_Record set:_
****************
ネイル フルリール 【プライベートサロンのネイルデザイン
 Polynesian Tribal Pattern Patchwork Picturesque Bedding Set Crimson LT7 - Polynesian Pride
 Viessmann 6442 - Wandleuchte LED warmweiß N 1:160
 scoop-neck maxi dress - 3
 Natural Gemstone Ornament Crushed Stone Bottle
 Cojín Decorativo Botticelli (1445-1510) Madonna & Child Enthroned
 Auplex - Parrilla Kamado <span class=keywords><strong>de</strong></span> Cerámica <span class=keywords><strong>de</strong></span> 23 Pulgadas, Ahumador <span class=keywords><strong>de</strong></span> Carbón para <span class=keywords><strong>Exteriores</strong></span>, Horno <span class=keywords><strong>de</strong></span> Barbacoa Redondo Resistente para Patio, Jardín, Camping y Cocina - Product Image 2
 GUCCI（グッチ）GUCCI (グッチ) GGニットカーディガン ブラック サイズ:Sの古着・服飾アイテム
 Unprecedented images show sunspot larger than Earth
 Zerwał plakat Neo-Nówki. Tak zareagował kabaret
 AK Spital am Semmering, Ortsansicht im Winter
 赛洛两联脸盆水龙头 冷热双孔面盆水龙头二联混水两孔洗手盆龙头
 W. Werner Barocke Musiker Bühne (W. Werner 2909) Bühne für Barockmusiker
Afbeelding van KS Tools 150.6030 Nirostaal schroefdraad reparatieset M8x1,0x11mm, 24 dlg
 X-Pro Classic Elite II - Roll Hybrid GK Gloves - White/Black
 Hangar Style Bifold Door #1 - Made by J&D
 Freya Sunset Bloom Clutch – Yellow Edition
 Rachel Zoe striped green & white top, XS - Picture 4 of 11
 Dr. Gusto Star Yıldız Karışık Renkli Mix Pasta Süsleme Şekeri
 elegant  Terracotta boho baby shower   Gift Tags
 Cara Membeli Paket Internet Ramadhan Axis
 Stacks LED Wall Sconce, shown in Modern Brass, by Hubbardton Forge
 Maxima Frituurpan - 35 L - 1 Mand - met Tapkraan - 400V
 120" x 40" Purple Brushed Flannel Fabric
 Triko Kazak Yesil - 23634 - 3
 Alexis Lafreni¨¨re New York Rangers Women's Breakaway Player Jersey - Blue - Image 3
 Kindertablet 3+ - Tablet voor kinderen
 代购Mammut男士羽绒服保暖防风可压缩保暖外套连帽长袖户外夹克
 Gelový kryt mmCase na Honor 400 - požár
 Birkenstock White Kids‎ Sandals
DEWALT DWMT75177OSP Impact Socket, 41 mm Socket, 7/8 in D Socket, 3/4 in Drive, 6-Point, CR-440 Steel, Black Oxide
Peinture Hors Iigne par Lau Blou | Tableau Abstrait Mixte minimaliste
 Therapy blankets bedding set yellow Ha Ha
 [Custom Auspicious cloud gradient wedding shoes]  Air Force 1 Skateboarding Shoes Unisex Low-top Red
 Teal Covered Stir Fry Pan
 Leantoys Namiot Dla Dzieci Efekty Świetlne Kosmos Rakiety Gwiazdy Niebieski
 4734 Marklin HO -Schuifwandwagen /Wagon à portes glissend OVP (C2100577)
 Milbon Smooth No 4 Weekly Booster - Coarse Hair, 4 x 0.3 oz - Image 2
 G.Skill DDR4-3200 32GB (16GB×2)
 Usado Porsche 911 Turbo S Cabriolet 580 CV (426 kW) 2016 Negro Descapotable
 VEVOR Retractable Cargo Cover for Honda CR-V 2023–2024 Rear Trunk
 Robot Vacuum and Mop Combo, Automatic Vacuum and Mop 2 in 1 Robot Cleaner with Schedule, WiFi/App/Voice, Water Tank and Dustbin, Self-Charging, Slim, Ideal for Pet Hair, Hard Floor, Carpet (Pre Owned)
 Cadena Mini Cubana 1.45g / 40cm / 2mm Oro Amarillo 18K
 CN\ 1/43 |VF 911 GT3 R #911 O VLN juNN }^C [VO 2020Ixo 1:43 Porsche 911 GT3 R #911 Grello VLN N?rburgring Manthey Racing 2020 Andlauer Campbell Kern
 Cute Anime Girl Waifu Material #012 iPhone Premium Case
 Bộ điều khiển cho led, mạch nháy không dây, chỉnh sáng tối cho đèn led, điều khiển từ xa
****************
_Problem details:_ All lines in the listing above from the line containing "Unprecedented images show" to the line containing "Usado Porsche 911", inclusive, should be retyped exactly; no other lines should appear.

_Written answer:_
 Unprecedented images show sunspot larger than Earth
 Zerwał plakat Neo-Nówki. Tak zareagował kabaret
 AK Spital am Semmering, Ortsansicht im Winter
 赛洛两联脸盆水龙头 冷热双孔面盆水龙头二联混水两孔洗手盆龙头
 W. Werner Barocke Musiker Bühne (W. Werner 2909) Bühne für Barockmusiker
Afbeelding van KS Tools 150.6030 Nirostaal schroefdraad reparatieset M8x1,0x11mm, 24 dlg
 X-Pro Classic Elite II - Roll Hybrid GK Gloves - White/Black
 Hangar Style Bifold Door #1 - Made by J&D
 Freya Sunset Bloom Clutch – Yellow Edition
 Rachel Zoe striped green & white top, XS - Picture 4 of 11
 Dr. Gusto Star Yıldız Karışık Renkli Mix Pasta Süsleme Şekeri
 elegant  Terracotta boho baby shower   Gift Tags
 Cara Membeli Paket Internet Ramadhan Axis
 Stacks LED Wall Sconce, shown in Modern Brass, by Hubbardton Forge
 Maxima Frituurpan - 35 L - 1 Mand - met Tapkraan - 400V
 120" x 40" Purple Brushed Flannel Fabric
 Triko Kazak Yesil - 23634 - 3
 Alexis Lafreni¨¨re New York Rangers Women's Breakaway Player Jersey - Blue - Image 3
 Kindertablet 3+ - Tablet voor kinderen
 代购Mammut男士羽绒服保暖防风可压缩保暖外套连帽长袖户外夹克
 Gelový kryt mmCase na Honor 400 - požár
 Birkenstock White Kids‎ Sandals
DEWALT DWMT75177OSP Impact Socket, 41 mm Socket, 7/8 in D Socket, 3/4 in Drive, 6-Point, CR-440 Steel, Black Oxide
Peinture Hors Iigne par Lau Blou | Tableau Abstrait Mixte minimaliste
 Therapy blankets bedding set yellow Ha Ha
 [Custom Auspicious cloud gradient wedding shoes]  Air Force 1 Skateboarding Shoes Unisex Low-top Red
 Teal Covered Stir Fry Pan
 Leantoys Namiot Dla Dzieci Efekty Świetlne Kosmos Rakiety Gwiazdy Niebieski
 4734 Marklin HO -Schuifwandwagen /Wagon à portes glissend OVP (C2100577)
 Milbon Smooth No 4 Weekly Booster - Coarse Hair, 4 x 0.3 oz - Image 2
 G.Skill DDR4-3200 32GB (16GB×2)
 Usado Porsche 911 Turbo S Cabriolet 580 CV (426 kW) 2016 Negro Descapotable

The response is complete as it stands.